Energy & Environment

2024 Democratic platform emphasizes economic case for climate action

The 2024 Democratic Party platform makes a case for action against climate change as economic populism, a sharp contrast to Republican arguments that it would hurt the middle class.

The platform’s fourth chapter, which covers energy and environmental issues, calls the climate crisis “an existential threat to future generations who deserve better” caused by “delay and destruction by people like Donald Trump and his friends in big oil.”

This section of the platform frontloads the economic argument, noting that the renewable energy industry has created hundreds of thousands of jobs already and citing Energy Department projections that Biden administration policies will cut electricity rates up to 9 percent by 2030. It also cites the Inflation Reduction Act’s tax credits for the purchase of new and used electric vehicles (EVs) and the expected savings from stricter fuel economy and tailpipe standards.

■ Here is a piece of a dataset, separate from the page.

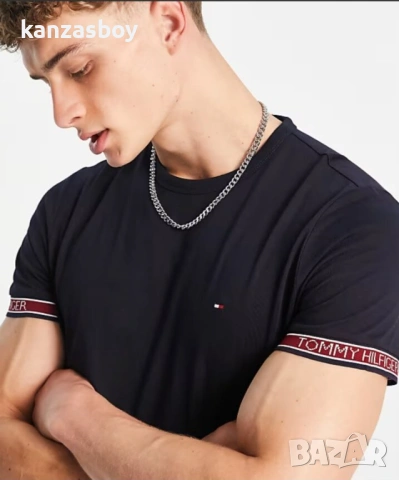 Tommy Hilfiger - страхотна мъжка тениска L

It strikes a similar note on polluters, tying future efforts to Vice President Harris’s pledge to take action against price gouging, stating “when we hear of potential collusion or price-gouging, we’ll hold oil and gas executives accountable.”

The platform also emphasizes policies around conservation and environmental justice, but the economic emphasis is both a continuation of Biden-era messaging and consistent with a broader message of economic populism that Harris has focused on since becoming the Democratic nominee.


Republicans and former President Trump have repeatedly attacked President Biden’s environmental policies as economically ruinous and blamed them for gas prices, even as oil production under the Biden administration has reached record highs. Trump has also frequently attacked electric cars in particular, although he was noncommittal about repealing the EV tax credit at a campaign stop Monday in Pennsylvania.

As president, Trump rolled back a number of Obama-era climate and environmental regulations and withdrew the U.S. from the Paris climate agreement. Project 2025, a blueprint developed by the Heritage Foundation for a future conservative presidency, includes numerous similar proposals. While Trump has disavowed parts of the document, many of its authors are former Trump officials, including former Bureau of Land Management official William Perry Pendley.